* [PATCH net-next 0/2] inet: factorize sk_wmem_alloc updates
@ 2018-03-31 20:16 Eric Dumazet
2018-03-31 20:16 ` [PATCH net-next 1/2] ipv4: factorize sk_wmem_alloc updates done by __ip_append_data() Eric Dumazet
` (2 more replies)
0 siblings, 3 replies; 4+ messages in thread
From: Eric Dumazet @ 2018-03-31 20:16 UTC (permalink / raw)

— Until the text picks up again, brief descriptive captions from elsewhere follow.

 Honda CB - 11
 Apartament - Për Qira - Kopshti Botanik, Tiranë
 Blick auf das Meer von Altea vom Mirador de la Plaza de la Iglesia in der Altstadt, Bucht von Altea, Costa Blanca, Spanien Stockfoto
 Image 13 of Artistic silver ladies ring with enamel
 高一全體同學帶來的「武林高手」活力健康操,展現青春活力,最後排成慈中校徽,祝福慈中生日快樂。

To: David S . Miller; +Cc: netdev, Eric Dumazet, Eric Dumazet
While testing my inet defrag changes, I found that senders
could spend ~20% of cpu cycles in skb_set_owner_w() updating
sk->sk_wmem_alloc for every fragment they cook, competing
with TX completion of prior skbs possibly happening on another cpus.
One solution to this problem is to use alloc_skb() instead
of sock_wmalloc() and manually perform a single sk_wmem_alloc change.

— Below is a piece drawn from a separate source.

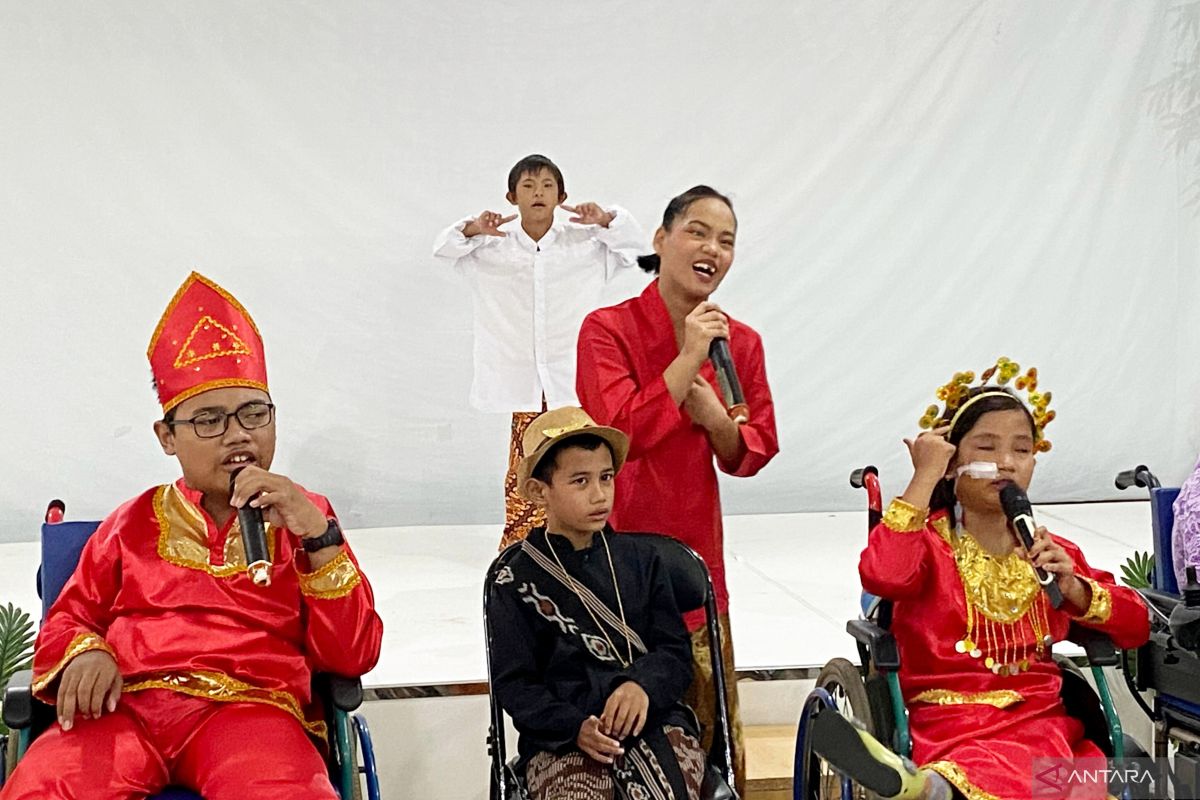 YPAC promotes equal right to education on Kartini Day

This greatly increases speed for applications sending big UDP datagrams.
Eric Dumazet (2):
ipv4: factorize sk_wmem_alloc updates done by __ip_append_data()
ipv6: factorize sk_wmem_alloc updates done by __ip6_append_data()
net/ipv4/ip_output.c | 17 ++++++++++++-----
net/ipv6/ip6_output.c | 17 ++++++++++++-----
2 files changed, 24 insertions(+), 10 deletions(-)
--
2.17.0.rc1.321.gba9d0f2565-goog
^ permalink raw reply [flat|nested] 4+ messages in thread
* [PATCH net-next 1/2] ipv4: factorize sk_wmem_alloc updates done by __ip_append_data()
2018-03-31 20:16 [PATCH net-next 0/2] inet: factorize sk_wmem_alloc updates Eric Dumazet
@ 2018-03-31 20:16 ` Eric Dumazet
2018-03-31 20:16 ` [PATCH net-next 2/2] ipv6: factorize sk_wmem_alloc updates done by __ip6_append_data() Eric Dumazet
2018-04-01 18:09 ` [PATCH net-next 0/2] inet: factorize sk_wmem_alloc updates David Miller
2 siblings, 0 replies; 4+ messages in thread
From: Eric Dumazet @ 2018-03-31 20:16 UTC (permalink / raw)
To: David S . Miller; +Cc: netdev, Eric Dumazet, Eric Dumazet
While testing my inet defrag changes, I found that the senders
could spend ~20% of cpu cycles in skb_set_owner_w() updating
sk->sk_wmem_alloc for every fragment they cook.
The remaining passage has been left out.